THAT is Saorsa, and is everything Alex Hendry and Hana Montaperto-Hendry stand for.

Never have I seen one word on a wine bottle describe not only a company mandate, but a deeply rooted personal philosophy in such a beautifully succinct way.


Hana and Alex are some of the most bad-ass people I know, yet are down to earth, humble people of integrity, and great friends. Their style is so cool; when you walk up to their place you’re greeted by Sailor and Bam Bam, their Thai Ridgeback and Rhodesian Ridgeback Cross dogs. When you enter, you find Hana’s motorcycle sitting in the kitchen, and family photos and artistic, statement posters on every wall. There are beautiful antiques and vintage pieces galore, but everything is well organized. Hana’s usually got something amazing cooking for dinner, which is followed by a new dessert she’s baked from scratch. Isla and Taj, their kids, are there to welcome you into the family, and you’re served some amazing wine in a funky antique wine glass.

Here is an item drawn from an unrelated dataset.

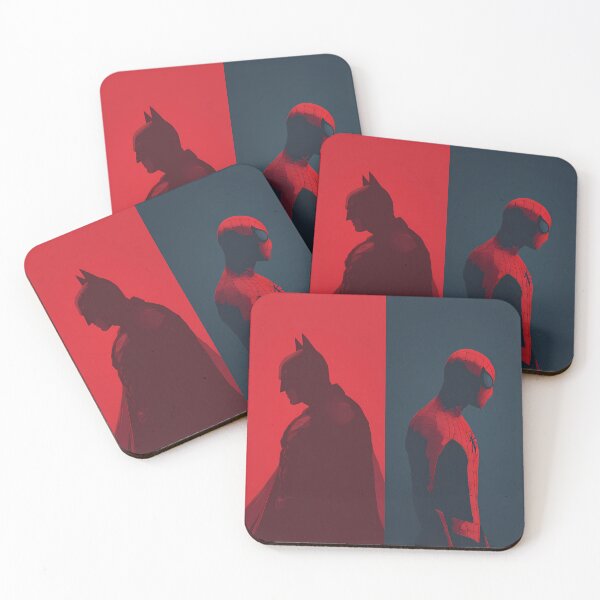 Item preview, Minimalist Hero Duo: Dark Knight and Spider Silhouette designed and sold by LoomisDreams.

Alex had what many would consider to be a regular childhood. He’s from a “quiet” family of four, and grew up in Auckland with his sister and parents, attending a prestigious boarding school. He ended up in Hawke’s Bay when he decided to enrol at the Eastern Institute of Technology (EIT) to study Wine Science and Viticulture.

Hana is one of four children, from Italian roots, born in Hawke’s Bay, who grew up “old school,” as she describes it, with a mechanic, hunting-enthusiast father, who taught her that everything can be fixed, and a nurse mother, who raised her “non-gender specific;” she show jumped horses across the country, but also raced motocross (which lead her to breaking her back not once, but twice).

Hana is tough as nails. She was a teen Mum, having had her son, Taj, at the age of 18. “Everyone said having him was going to stop me from things; Taj hasn’t stopped me from anything.” She already had her diploma in Video and Electronic Media and a great job when she gave birth, and purchased her first house shortly after, by the age of 19. Although it wasn’t easy, Hana is no stranger to hard work and perseverance.

Alex and Hana do things differently than most, which is a huge part of their charm. How they got together was different as well, and I wouldn’t have expected anything less. They met at a Rock and Roll show, held at an old youth church that had been converted into a concert venue, ironically named, “The Vineyard.” Hana was used to most guys hitting on her; Alex, however, rocking Mohawk hair, piercings and tattoos, walked past, looked at her over the fence, screamed like a punk in her face, and kept going. She thought he was “so cool.” He had her at “blaaahhhh!” Hana says “he met his match,” but agrees that she met hers as well. Alex jokes that Hana had told him “she was a well-mannered Catholic girl.”

They began meeting up as friends at rock shows around the Bay, and Hana found she was hanging out with Alex’s group at their house frequently. Even though Hana’s house was nicer, she had “nothing good to eat in the fridge!” Hana remembers a pivotal moment when she realized how amazing Alex is. She had gone through a difficult time, and he completely supported her through it. It was then that she fell in love with Alex.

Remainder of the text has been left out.